(Web page caption snippets)
Segment Open
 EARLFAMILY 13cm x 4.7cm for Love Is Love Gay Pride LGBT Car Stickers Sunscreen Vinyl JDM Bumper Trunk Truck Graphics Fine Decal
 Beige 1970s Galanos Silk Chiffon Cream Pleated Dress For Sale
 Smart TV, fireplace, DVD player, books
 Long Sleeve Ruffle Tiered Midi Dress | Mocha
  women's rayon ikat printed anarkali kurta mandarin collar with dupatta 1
Segment Closed
Segment Open
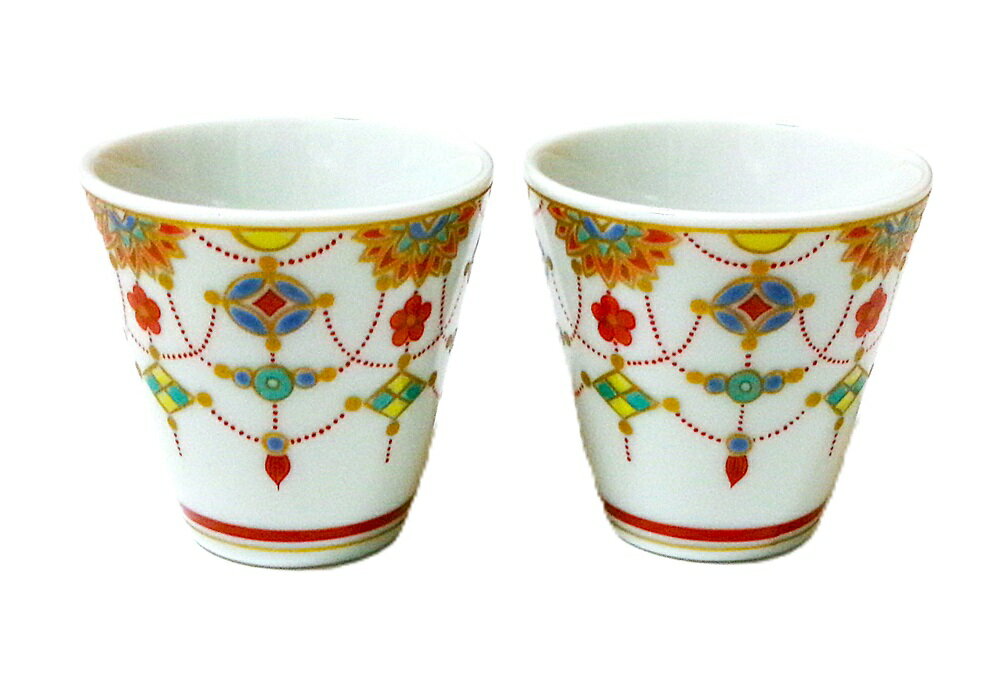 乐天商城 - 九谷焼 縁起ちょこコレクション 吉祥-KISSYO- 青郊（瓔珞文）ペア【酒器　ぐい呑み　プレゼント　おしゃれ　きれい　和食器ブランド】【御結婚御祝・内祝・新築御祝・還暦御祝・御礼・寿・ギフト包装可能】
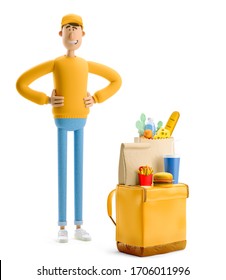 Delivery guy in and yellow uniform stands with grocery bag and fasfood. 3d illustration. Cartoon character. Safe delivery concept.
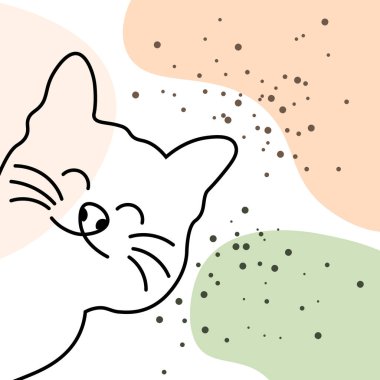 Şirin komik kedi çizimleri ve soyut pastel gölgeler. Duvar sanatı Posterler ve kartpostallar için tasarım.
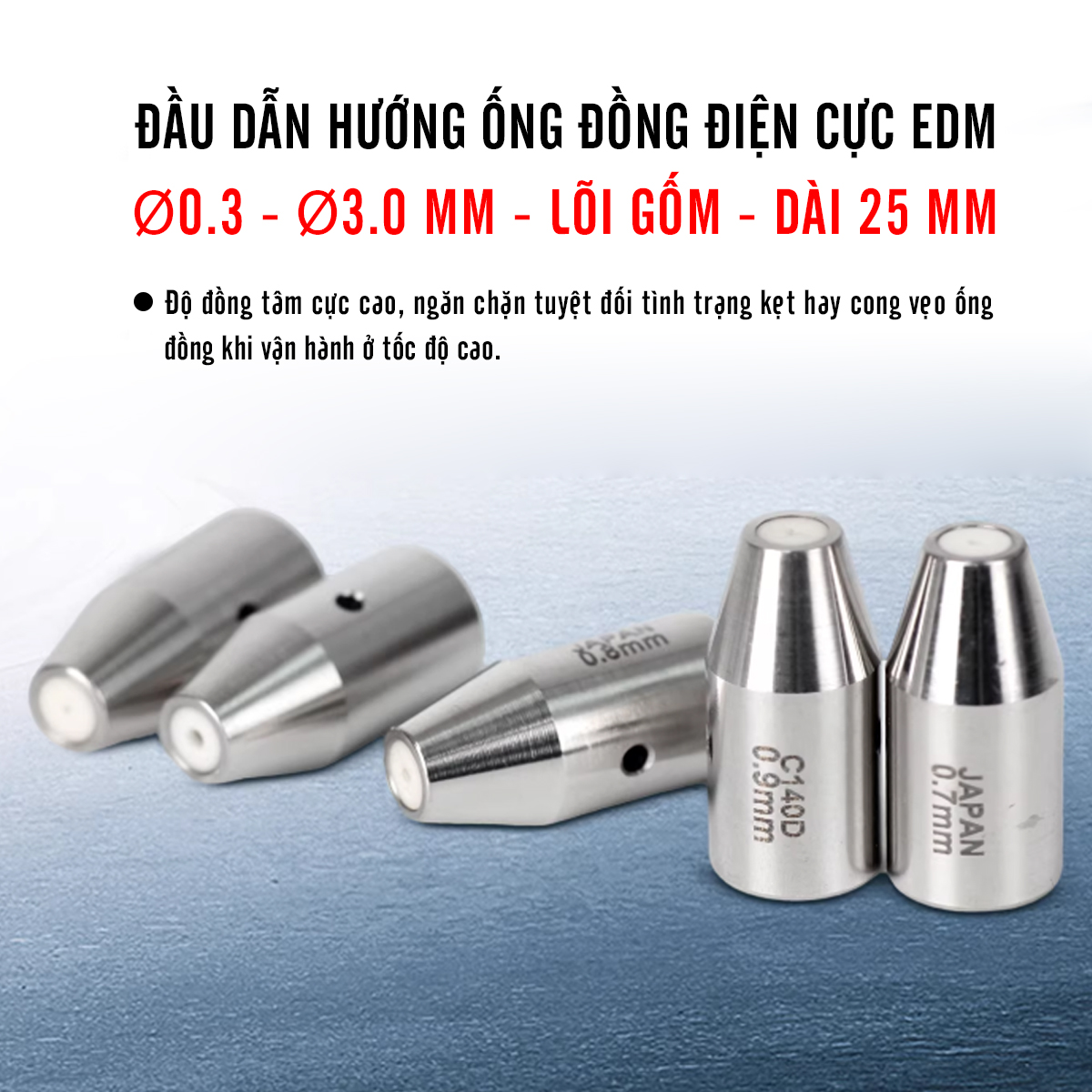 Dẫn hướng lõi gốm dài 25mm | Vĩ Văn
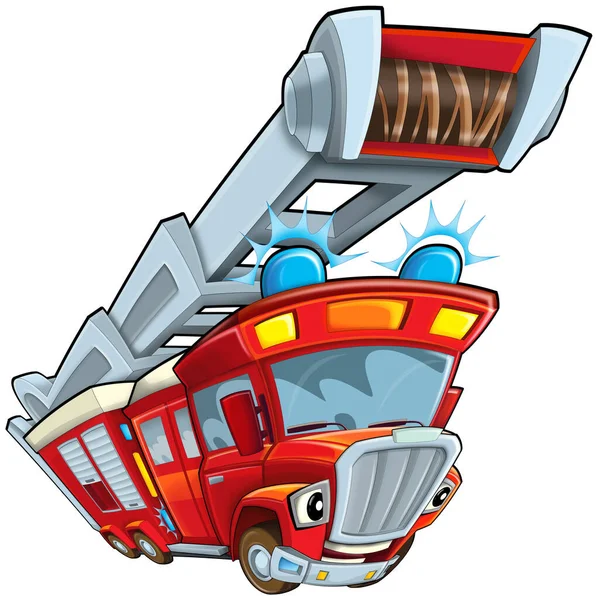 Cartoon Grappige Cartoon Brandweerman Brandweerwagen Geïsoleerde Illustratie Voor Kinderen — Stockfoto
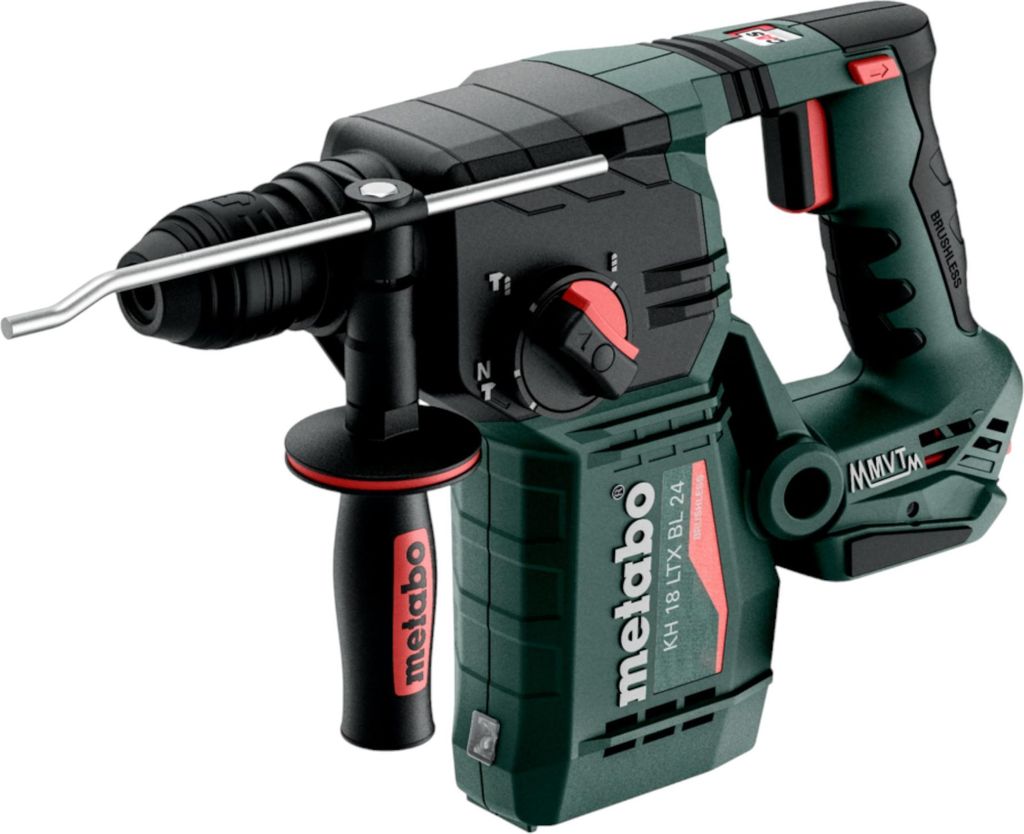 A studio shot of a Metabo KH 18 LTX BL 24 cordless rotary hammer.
Segment Closed
=== What you have to do ===
Copy each line in the data that holds the word "Dress".

=== Problem solution ===
 Beige 1970s Galanos Silk Chiffon Cream Pleated Dress For Sale
 Long Sleeve Ruffle Tiered Midi Dress | Mocha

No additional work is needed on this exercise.